A desvalorização das moedas emergentes em relação ao dólar tende obviamente a favorecer as exportações desses países para os Estados Unidos. O ponto é que a importância dos EUA como parceiro comercial para o mundo em desenvolvimento é bem menor do que no começo da década passada, segundo a Oxford. A mediana da fatia das exportações de 20 emergentes analisados pela consultoria caiu de 18% em 2003 para 10% em 2013. "Além disso, há uma série de canais pelo quais o dólar forte pode afetar o crescimento em mercados emergentes."

Um deles é o efeito sobre as commodities. "A apreciação do dólar torna esses produtos mais caros para consumidores de países com outras moedas, reduzindo a demanda, ao mesmo tempo que eleva os retornos de ativos financeiros denominados em dólares", diz a Oxford, explicando que, desse modo, as commodities ficam menos atraentes como classe de ativos. "Estimativas do FMI sugerem que uma valorização de 10% do dólar reduz os preços do petróleo em mais de 10% e diminui em cerca de 5% as cotações de outras commodities."

Esse canal afeta países com um grande volume de exportações líquidas de commodities em relação ao PIB, ou seja, da diferença entre o que o país exporta e importa de produtos básicos em comparação ao tamanho da economia. Dos 20 emergentes analisados pela Oxford, os mais expostos são Rússia, onde as exportações líquidas desses bens correspondem a 17,4% do PIB, Venezuela (17,1%), Chile (16,6%), Malásia (9%) e Colômbia (8,9%). No Brasil, a fatia é de 3,9% do PIB. Já China e Índia se beneficiam da queda das commodities, porque mais importam do que exportam produtos básicos.

Outro risco importante está relacionado ao endividamento do setor privado, bastante elevado em alguns países emergentes. Empresas com dívidas em moeda estrangeira podem sofrer com um dólar mais caro, especialmente se tiverem grande parte de receitas na moeda local. O descasamento de moedas, porém, parece hoje menor do que nos anos 1990, segundo a Oxford. O fortalecimento do dólar pode causar problemas mesmo para empresas com dívidas na divisa doméstica.

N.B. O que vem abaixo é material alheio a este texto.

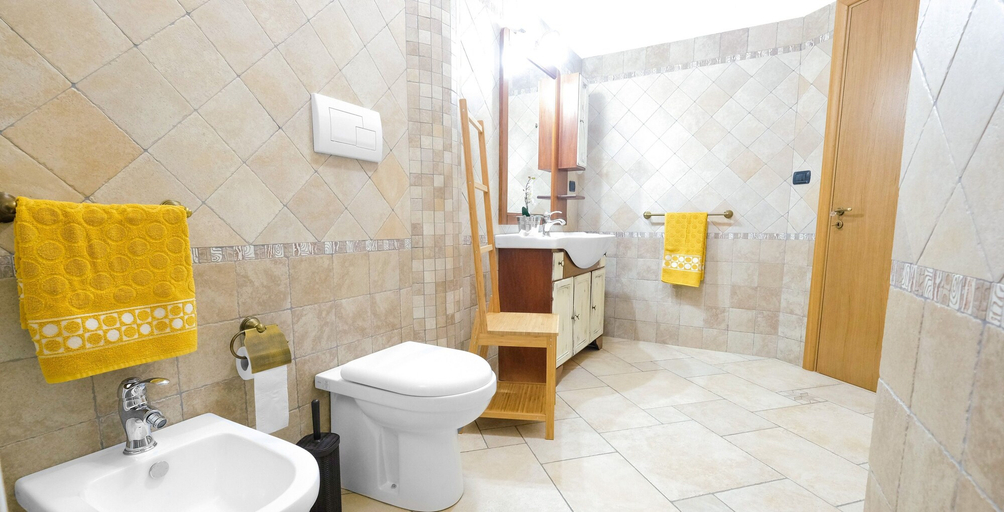 Bathroom 3, Villa La Tricasina, Lecce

Se o câmbio se desvaloriza muito, pode haver impacto mais forte sobre a inflação, levando ao aumento de juros, o que pode tornar mais difícil para as companhias honrarem os seus débitos.

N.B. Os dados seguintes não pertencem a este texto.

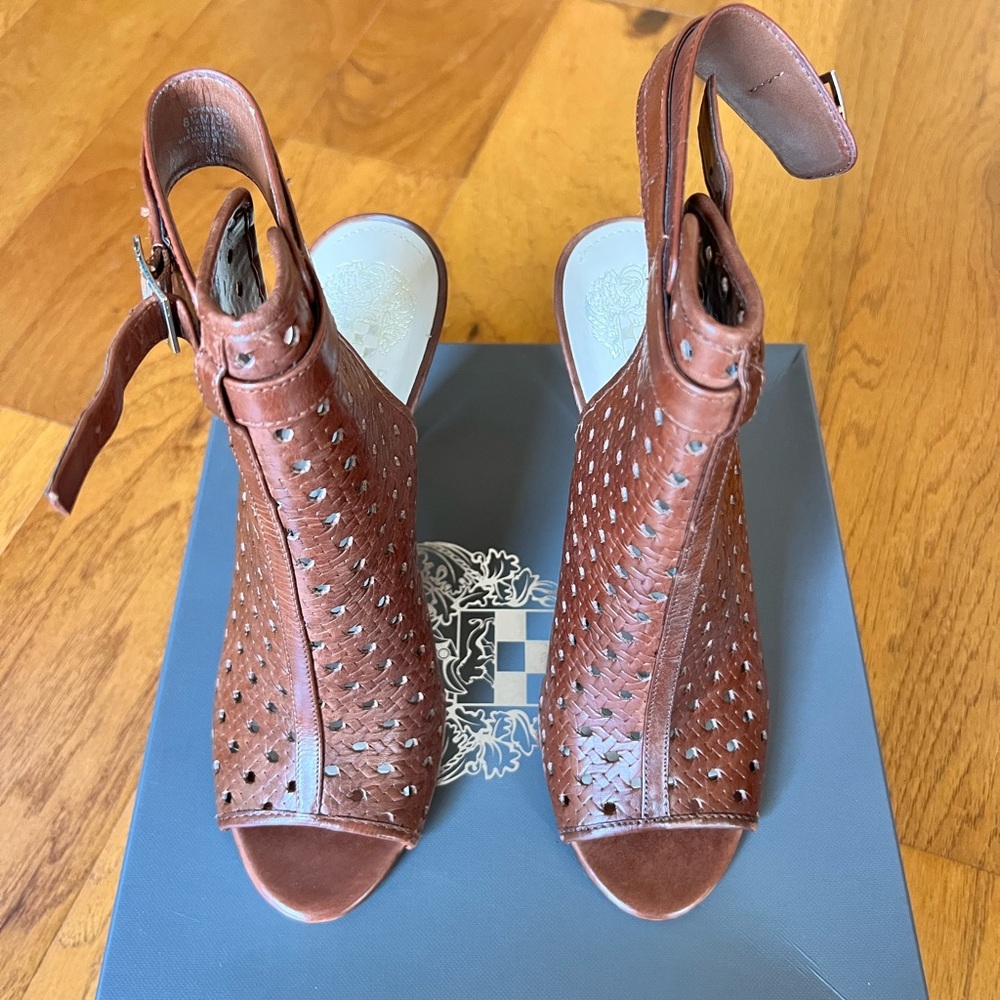 Vince Camino Kirsten Brown Leather Peep-Toe Sandals Never Worn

No Brasil, a dívida do setor privado corresponde a 72,8% do PIB, de acordo com a Oxford, um nível de risco moderado. É maior que os pouco mais de 35% do PIB de México e Filipinas, mas bem inferior aos 191% do PIB na China, dos 187% do PIB na Coreia do Sul ou dos 131% do PIB na Malásia.

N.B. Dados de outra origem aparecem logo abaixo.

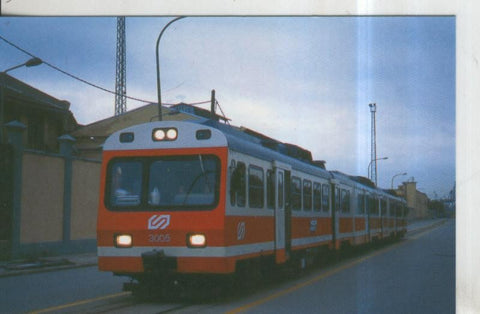 Postal 010971: Unidad diesel 3005 en el puerto de Barcelona en 2003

O Brasil se sai bem quando se leva em conta o tamanho da dívida externa total em relação ao tamanho da economia. Ela é de apenas 22,7% do PIB, bem inferior aos 120% do PIB na Hungria ou os 73% do PIB na Malásia. O endividamento externo de curto prazo brasileiro também está longe de ser preocupante, equivalendo a apenas 13% das reservas internacionais. No caso da Turquia, a relação é de 123%, e na Malásia, de 100%, chegando a 575% na Venezuela. Esses dois indicadores afastam o Brasil do grupo dos países mais vulneráveis ao fortalecimento do dólar.

O Brasil aparece mal no caso da inflação. Nos 12 meses até fevereiro, o Índice de Preços ao Consumidor Amplo (IPCA) acumula alta de 7,7%. Apenas Venezuela, com inflação de 71%, Argentina (23,8%, de acordo com o número utilizado pela Oxford) e Rússia (17%) têm indicadores mais elevados. Uma desvalorização adicional do real poderia colocar mais pressão sobre os preços, exigindo juros mais altos, com impacto ainda mais negativo sobre a atividade.

O último indicador analisado pela Oxford é a variação da taxa de câmbio calculada levando em conta a composição da dívida externa de cada país, entre o segundo trimestre de 2014 e o primeiro trimestre deste ano. Países com a maior parte do endividamento estrangeiro em dólar registram a maior desvalorização da moeda estimada dessa maneira. No caso brasileiro, ela se enfraqueceu 27% no período, de acordo com a consultoria. É uma variação menor apenas que os 47% da Venezuela e os 44,5% da Rússia.

Na análise da Oxford, Coreia do Sul, Taiwan, China, Índia e Filipinas aparecem como os menos vulneráveis ao fortalecimento do dólar, ainda que os três primeiros registrem níveis elevados de endividamento do setor privado.